This repository is an official implementation for GameTag, which can generate sequence tags for MS/MS with cooperative game learning algorithm.
Please send any questions, comments or bug reports to feizhengcong@ict.ac.cn.
GameTag is a sequence tag generation tool for MS/MS specra. GameTag accepts MS/MS spectra in the format of mgf, which can be transformed from other formats by Open-pFind.
- Python 3
- numpy
- PyTorch (>1.0)
In this section, we provide a simple test to familiarize yourself with basic operations.
- Get the spectrum datasets you need to identify. Here, you can use a small dataset named human.mgf which can unzip from human.zip. This dataset is randomly selected from Mann-Human dataset (~ 5000+ spectra). You should put this dataset to file path:
/data / human.mgf
- Get the trained model provided by us in the file path:
/data / CKPT
Actually, you don't need do anything, just take a check at this checkpoint.
- Use the GameTag model to deal with the dataset. You can just input the CMD as:
python inference.py
Yes! you can find the tool operating and the final identification results can be found in:
/data / res.txt
The formation of res.txt is: spectrum id + extracted tags.
In this section, we will introduce the parameter setting in detail and customize the model you need in real application.
-
You should prepare the dataset whose formation is cosistent with human.mgf provided by us. In fact, this is a very common form can be generated by, i.e., Open-pFind.
-
A trained model is needed, you can employ the CKPT provided by us or trained by yourself (see next section).
-
Utilize the trained model to deal with your dataset. For convenience, two approaches are both available.
a) CMD to determine the information:
python inference.py --mgf_path [mgf] --model_path [model] --res_path [result]
where --mgf_path denotes the path to the mgf file which we want to extract tag sequences, --model_path dentoes the path to trained model, and --res_path denotes the path to store the identification results. Take the simple test as example, we can write the command as:
python inference.py --mgf_path /data/human.mgf --model_path /data/CKPT --res_path /data/res.txt
b) change the python file:
you can open the inference.py file, just change the parameter setting sections.
for example, in the inference.py line 6-14:
# ------------------------------------------------------------------
# parameter setting
# path to the CKPT
model_path = './data/CKPT'
# path to the mgf which we want to extract tag
mgf_path = './data/human.mgf'
# path to store the results
res_path = './data/res.txt'
# ------------------------------------------------------------------
Just change the above variables and run the CMD:
python inference.py
Please note the above two approaches are completely equivalent, just select the one you like.
Finally, we can find the results in the result file you specified.
If you need to customize your own model, you can refer to this section. In short, you are supposed to prepare the annotated training dataset and fine tune the GameTag model. To be specific, we can:
- prepare the mgf dataset and label it with open-pfind. Of course, you can use other tools, such as PEAKS and MSFragger. At this point, you will hold two files, the mgf file and identification results from Open-pFind that serve as ground-truth. If you want to use the interaction of results from the three, just put the results file in the same file direction and run the cmd:
python data_label_union.py
The formation of results file is consistent with Open-pFind, that is 1-th column and 5-th column are spectrum id and peptide sequence.

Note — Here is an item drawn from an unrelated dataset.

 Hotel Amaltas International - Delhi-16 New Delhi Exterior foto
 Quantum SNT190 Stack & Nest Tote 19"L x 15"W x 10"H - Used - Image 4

- construct the training dataset according to the above two files. Run the cmd as:
python label_dataset.py
The training dataset is stored in the /data and named as labeled_tag.pkl by default.
- open the train.py python file, and modify the parameters such as where to store your trained model and tag length. Please note that if you want to change any parameters for any setting, just open the python file and you will find the parameter setting section in the top. Run the cmd as:
python train.py
After several iterations, we can find the best model in the /data directions. Multiple models may be saved and feel free to use anyone you like.
For the convenience of re-implementation, we also provide the mgf datasets (password: j9pd) and labeled dataset (password: 7jbc) used in our experiments.